アンノウアブル!憧れだった先輩が部下になりました
 その後、外村は吐き出す様に、全ての真実を口にした。

 あの日、彼女を責めたててしまった事。

 死に追いやる様な発言をいくつもしてしまった事。

 口論の末、彼女から逃げてしまった事。

 この関係性がバレてしまうのが怖かった事。

 それぞれの発言の真意を確認する術はないが、恐らく本当の事だろうと千里は思った。

 花村唯の死因は自殺という事で処理され、外村は自殺教唆罪として起訴された。蓮見や紅葉達の尽力により事件は無事に幕を閉じたのだが…。



「で、これは何なのかな?紅葉君。蓮見君」

 
 警視庁に戻った三人を待っていたのは散らかり放題散らかった資料の山だった。
そういえば、資料整理を放り出して現場に向かった事を思い出した紅葉はさり気なく回れ右をする。

 「こら!紅葉!まだ今回の報告書あげてないでしょ!」

 「あ、明日やる…」

 「んじゃ俺も」

 「あ!こら!蓮見君も!ちょっと待ちなさい!」

 軽々と、千里のディフェンスを交わした二人は逃げる様にして姿を消してしまった。

 今し方、帰って来たばかりだというのに…

 身勝手な後輩二人にため息をつくと、仕方なく散らかった資料をまとめ始める。
 昔から、こう言った中途半端さが許せない千里は、この汚さを放っておくことができない。

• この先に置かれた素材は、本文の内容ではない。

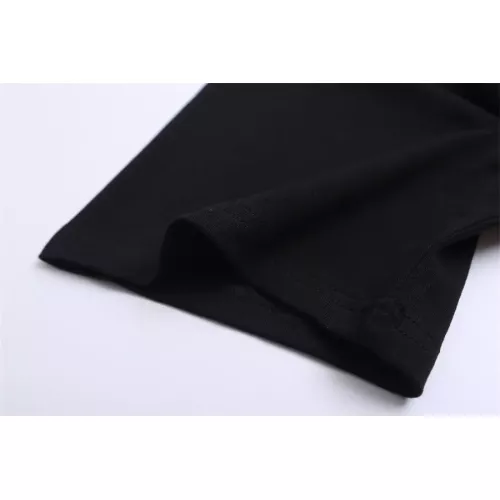 Replica Louis Vuitton LV T-Shirts Short Sleeved For Unisex #1308196 $38.00 USD for Wholesale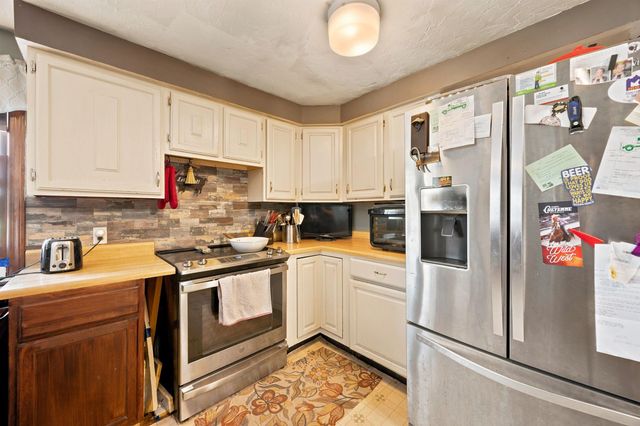 38 Storrs Drive, Loudon, NH 03307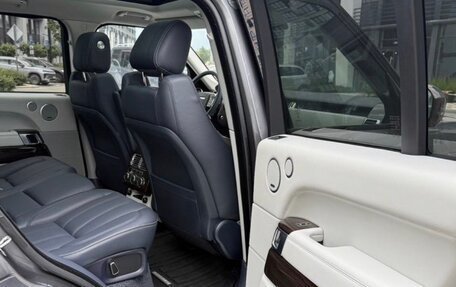 Land Rover Range Rover IV рестайлинг, 2013 год, 8 000 000 рублей, 17 фотография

何でも最後までやり切らないと気が済まない性格に、自分でも難儀な性格だなと自嘲せざるを得ないが、これに関してはどうこうできる問題ではない。

 「えーっと、これはこっちの事件資料だから…、これはこっちね、それから…」

 千里は一つずつ丁寧に資料をまとめていく。

 「これはこっちで、これは…」

 「こっちだろ」

 「ああ、そうね…、ありが…と?」

 何の違和感もなく資料を手渡した相手に、千里は驚いて顔を上げる。

 「あ、貴方達帰ったんじゃなかったの?」

 そこには、つい先ほど逃げるようにして帰ったはずの蓮見と紅葉が立っていた。

 「どうしたの?何か忘れ物?」

 千里は小首を傾げると、二人を交互に見つめる。

 「いや、トイレ行こうと思ってよ…」

 「俺も…」

 何故か言葉を濁す二人に千里は「トイレならここを出てエレベーターホールを曲がった場所にあるけど?」と丁寧に説明をしてやる。

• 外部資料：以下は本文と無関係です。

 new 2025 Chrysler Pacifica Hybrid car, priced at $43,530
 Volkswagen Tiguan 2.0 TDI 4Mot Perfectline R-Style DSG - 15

 「ってか、紅葉は場所知ってるでしょ?蓮見君に教えてあげてよ」

 「今知った」

 「んなわけ無いでしょ」

 わかりやすく嘘を吐く紅葉に、千里は再びため息を吐く。

 「じゃあ、私が案内してあげるから、さっさと仲良くトイレ済ませて帰りなさい」

 そう言って立ち上がった千里の腕を蓮見が力強く引っ張った。

 「な、何?」
 「案内はいいから、お前も帰ろうぜ。もう時間も遅ぇし、ちゃんと休まねぇと倒れちまうだろ」

 蓮見は困った表情で千里を諭す。

 「悪いけど私は遠慮しておく。それにこんな状態放って置けない」

 そう言って掴まれた腕をやんわりと解いた。
 よくよく考えたら蓮見は部署異動後の初出勤だし、紅葉は現場に来ない所を来てもらった訳だから、この整理は責任を持って自分が済ませる必要がある。

 千里はそう思い直すと再び資料へと手を伸ばす。

 「でもすげぇ量だぜ、明日改めて三人でやればいいだろ」

 「駄目よ。今こうしてる間にも事件は起こってるの。ここで資料整理を後伸ばしにしてたら、明日にはまた直ぐに量が増えて結局一生纏まらないわ」

 「馬鹿真面目女」

 「はいはい、馬鹿真面目女ですよ」

 「お前が倒れちまったら意味ねぇって」

 「そん時のための貴方達でしょ?」

 「…」

 千里の受け答えに、意外と頑固な性格であると知った蓮見は盛大にため息を吐く。

 「ったく、わかったよ。やりゃあいいんだろ?やりゃあ」

 蓮見は頭をかくと、背中に掛けていた鞄を思い切り机へと置いた。

 「別に帰っていいって言ってるじゃない」

 「あのな、いくら先輩っても年下の女を深夜のオフィスに置いてけぼりにして帰れるわけねぇだろ」

 蓮見は資料を片手に苛立たしげに答える。

 「ってかトイレはいいの?…」

 「引っ込んだ」

 「は?」

 千里は意味がわからないと言った様子で頭にクエスチョンマークを浮かべる。

 そんな二人の様子を見ていた紅葉は「面倒な男がまた一人増えた」とため息を吐くと、自身もまた背負っていた鞄を机に下ろした。